List type 0

The data fed through this patch is grouped into sets of four. The last number in the list will be duplicated to fill out the last group if the list is not able to be evenly divided. For the first exon the data now looks like this:

63 46 47 31;
60 63 36 59;
17 31 22 20;
22 21 22 34;
54 46 50 64;
58 38 27 22;
62 18 59 62;
50 16 17 55;
29 32 47 24;
64 30 60 16;
20 64 63 48;
63 57 52 54;
34 64 29 31;
45 46 36 64;
13 64 50 08;
04 64 42 44;
52 10 52 06;
56 29 24 17;
26 21 24 52;
56 50 21 08;
29 32 01 06;
48 48 30 37;
07 22 48 55;
34 21 37 17;
31 62 53 06;
16 46 22 01;
18 22 17 54;
06 31 18 55;
29 50 17 14;
22 21 60 59;
30 30 30 30;

Each group becomes one note with the first number determining pitch and the other three determining timbre. The patch shown on the right above is a basic Frequency Modulation (FM) synthesizer where the second and third numbers determine the amount of modulation applied to the note. This way, each note has a different sound—the amount of difference can be subtle though.

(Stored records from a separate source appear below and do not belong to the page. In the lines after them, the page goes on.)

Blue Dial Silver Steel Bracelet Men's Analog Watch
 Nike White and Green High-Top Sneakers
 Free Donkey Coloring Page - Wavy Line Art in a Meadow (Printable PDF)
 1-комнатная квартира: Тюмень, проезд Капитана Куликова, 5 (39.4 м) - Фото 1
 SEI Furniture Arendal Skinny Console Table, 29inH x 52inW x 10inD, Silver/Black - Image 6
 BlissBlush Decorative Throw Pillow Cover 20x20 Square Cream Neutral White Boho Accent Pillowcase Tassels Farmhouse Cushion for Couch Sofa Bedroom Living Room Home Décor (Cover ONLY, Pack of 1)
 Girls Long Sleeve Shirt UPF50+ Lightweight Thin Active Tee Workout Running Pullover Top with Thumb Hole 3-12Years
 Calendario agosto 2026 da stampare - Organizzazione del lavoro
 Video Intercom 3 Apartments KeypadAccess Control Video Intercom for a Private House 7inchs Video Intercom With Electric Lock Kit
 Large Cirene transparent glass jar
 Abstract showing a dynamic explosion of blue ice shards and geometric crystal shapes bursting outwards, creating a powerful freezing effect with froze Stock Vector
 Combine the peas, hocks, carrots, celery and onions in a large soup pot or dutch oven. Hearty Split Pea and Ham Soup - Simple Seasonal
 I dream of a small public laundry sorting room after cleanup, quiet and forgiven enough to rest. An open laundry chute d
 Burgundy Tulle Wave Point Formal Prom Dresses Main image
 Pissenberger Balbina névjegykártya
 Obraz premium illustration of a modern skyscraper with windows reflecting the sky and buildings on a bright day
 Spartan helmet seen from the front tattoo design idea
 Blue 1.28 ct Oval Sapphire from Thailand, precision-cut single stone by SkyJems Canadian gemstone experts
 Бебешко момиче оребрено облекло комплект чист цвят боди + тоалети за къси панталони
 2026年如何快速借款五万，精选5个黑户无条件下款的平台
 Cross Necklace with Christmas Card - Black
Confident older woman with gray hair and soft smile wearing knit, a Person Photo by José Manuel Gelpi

The fourth number selects an envelope shape for the modulation. The envelope acts as a volume controller that determines how much of the modulated sound gets mixed with the pure tone, making the sound dynamic rather than static. In the main patch (shown on the left above) the last three numbers in the groups also determine the overall amplitude envelope shape for the sound, choosing from sets of attack, sustain, and release shapes (I have chosen to include decay in the attack and sustain shapes). The process of choosing an envelope shape in all cases is determined by the amino acid that each codon represents (allowing for fewer total envelope shapes).